3.3 Upper Confidence Boundary (UCB)
One risk that we incur with \(\epsilon\)-greedy is that it randomly explores — which might lead to suboptimal or redundant choices.
Is there a way that we can explore more intelligently?
Hint: Think about Lecture 2
Suppose you are in a Multi-Armed Bandit scenario:
- \(S\) – It’s a beautiful day, and you’re deciding where to go for a run.
- \(A_{1,\dots,k}\) – You can choose from \(k\) different running trails nearby.
- \(R\) – After each run, you mentally rate the experience — scenery, terrain, or how energized you felt.



Should you keep exploiting Trail A’s high reward, or sometimes choose Trail B — which has modest results but higher potential upside — instead of immediately exploring the completely unknown Trail C?
Upper Confidence Boundaries (UCB) allow us to select among the non-greedy actions according to their potential for actually being optimal.
\[ A_t \gets \arg\max_a \left[ Q(a) + \sqrt{\frac{2 \ln(t)}{N(a)}} \right] \]
Balancing Exploration and Exploitation
Each time \(a\) is selected, the uncertainty is presumably reduced \(N(a)\) increments, and as it appears in the denominator, the uncertainty term decreases.
\[ VAR \downarrow = \sqrt{\frac{2 \ln(t)}{N(a)\uparrow}} \]
Each time an action other than \(a\) is selected, \(t\) increases but \(N(a)\) does not; because \(t\) appears in the numerator, the uncertainty estimate increases.
\[ VAR \uparrow = \sqrt{\frac{2 \ln(t) \uparrow}{N(a)}} \]

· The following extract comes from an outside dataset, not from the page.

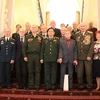Bộ trưởng Quốc phòng Ngô Xuân Lịch chụp ảnh chung với các cựu chiến binh. (Ảnh: Duy Trinh/TTXVN)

In our Real Life Example UCB says “Don’t just pick randomly. Prefer trails that are either great or still uncertain — they might surprise you.”
Pseudocode
\(\sqrt{\frac{2 \ln(t)}{N(a)}}\) is the measure of variance of the action \(a\). The natural logarithm increases get smaller over time but are unbounded, so all actions will be selected.